Place in Barangaroo, Sydney, New South Wales, Australia

The Cutaway is an entertainment precinct in Barangaroo, Sydney, New South Wales, Australia. The NSW Government describes it as an "arts, cultural and events space".

==History==
The Cutaway was built in 2015 and hosted the 2022 Biennale of Sydney. Subsequently, it was primarily used to film car commercials because of its poor acoustics.

An Indigenous cultural centre named Buruk was proposed by the NSW Government from 2019 to 2022 to be installed in the Cutaway but the plan was countered by a separate plan from former prime minister Paul Keating which prompted the NSW Government to halt development of their plan. Keating's proposal involved modelling the Cutaway similar to the Musée d'Orsay former railway station and now museum in Paris.

In October 2025, the Cutaway's renovation was 85% complete.

The NSW Government announced that they would redesign the Cutaway in February 2024 and that FJC Studios would be commissioned to work on the design. The project was slated to cost $80 million and the government cited the need for better acoustics in the Cutaway.

In February 2026, planning minister Paul Scully dismissed the complaints of residents and allowed the venue to be operational 24 hours a day.

By 16 April, the cost of the project had risen to $100 million.
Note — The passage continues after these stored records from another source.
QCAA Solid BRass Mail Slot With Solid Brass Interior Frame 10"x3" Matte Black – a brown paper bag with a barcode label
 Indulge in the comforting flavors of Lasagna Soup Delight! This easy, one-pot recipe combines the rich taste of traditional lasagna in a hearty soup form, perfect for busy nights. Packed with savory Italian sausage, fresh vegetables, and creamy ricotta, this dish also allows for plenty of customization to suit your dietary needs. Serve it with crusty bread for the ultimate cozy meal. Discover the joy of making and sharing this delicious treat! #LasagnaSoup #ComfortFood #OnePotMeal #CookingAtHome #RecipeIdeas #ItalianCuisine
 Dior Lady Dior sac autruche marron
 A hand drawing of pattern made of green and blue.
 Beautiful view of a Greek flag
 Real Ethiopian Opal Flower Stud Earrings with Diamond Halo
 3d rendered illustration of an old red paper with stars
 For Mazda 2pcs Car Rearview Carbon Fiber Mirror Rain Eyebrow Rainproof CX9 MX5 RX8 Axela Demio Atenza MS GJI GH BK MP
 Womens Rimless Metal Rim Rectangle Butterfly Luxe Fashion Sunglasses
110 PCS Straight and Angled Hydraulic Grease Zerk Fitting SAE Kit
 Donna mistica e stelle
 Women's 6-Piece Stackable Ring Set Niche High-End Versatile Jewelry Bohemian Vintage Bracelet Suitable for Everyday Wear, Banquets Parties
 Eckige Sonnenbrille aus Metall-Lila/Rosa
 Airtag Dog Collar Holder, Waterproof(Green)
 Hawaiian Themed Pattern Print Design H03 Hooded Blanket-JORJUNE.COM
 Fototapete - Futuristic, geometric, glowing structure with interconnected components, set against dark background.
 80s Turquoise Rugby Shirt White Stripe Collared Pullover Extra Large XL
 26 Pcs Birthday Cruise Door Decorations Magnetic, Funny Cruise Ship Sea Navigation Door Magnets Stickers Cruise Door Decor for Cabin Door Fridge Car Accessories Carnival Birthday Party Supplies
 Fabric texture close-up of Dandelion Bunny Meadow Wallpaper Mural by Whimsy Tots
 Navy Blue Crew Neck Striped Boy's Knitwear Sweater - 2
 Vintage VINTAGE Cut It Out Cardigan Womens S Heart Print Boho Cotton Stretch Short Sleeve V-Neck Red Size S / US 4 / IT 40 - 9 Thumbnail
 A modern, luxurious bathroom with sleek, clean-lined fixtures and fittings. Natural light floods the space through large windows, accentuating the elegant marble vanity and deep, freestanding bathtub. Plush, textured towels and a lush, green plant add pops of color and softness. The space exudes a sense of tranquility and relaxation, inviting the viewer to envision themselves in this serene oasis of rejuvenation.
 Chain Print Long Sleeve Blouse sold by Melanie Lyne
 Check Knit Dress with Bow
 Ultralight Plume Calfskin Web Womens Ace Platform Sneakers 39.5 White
It was also announced that the Cutaway would open to private bookings to host events from 1 August 2026.

The consortium that operates ICC Sydney (Note: This consortium consists of Darling Harbour Live, Placemaking NSW and ICC Sydney.) was appointed to operate the Cutaway.

==Features==
The Cutaway is built for all types of weather, has a capacity of 3,000 people, includes a commercial kitchen and is built to host events such as corporate events, gala dinners, markets and fashion shows. The Cutaway also has two mezzanine levels two gallery levels a First Nations education space for Indigenous art exhibitions, in addition to a green room and dressing rooms.

Richard Francis-Jones from fjcstudios said that the design for the Cutaway celebrates the natural environment rather than hiding it away. The Cutaway embraces Indigenous designs with spatial forms including rock shelters (Gunya) and the Port Jackson fig (Damun). Ceremonial markings on the floor are also visible as shadows when sun shines through the skylight. The Cutaway contains 13 timber trees up to 17 metres high that contain up to 115 individual pieces of timber, these trees have been designed to optimise acoustic performance and can weigh up to 950 kilograms. The Cutaway contains three skylights consisting of 98 custom panels that stretch for a total of 76 metres. Multiple levels are linked via a bronze spiral staircase.

The Cutaway has various features to improve acoustics such as two layers of glass separated by an air pocket to improve sound which is also intended to enhance natural light. The Cutaway will also be completely powered by renewable energy. The venue will use water from Sydney Harbour for cooling.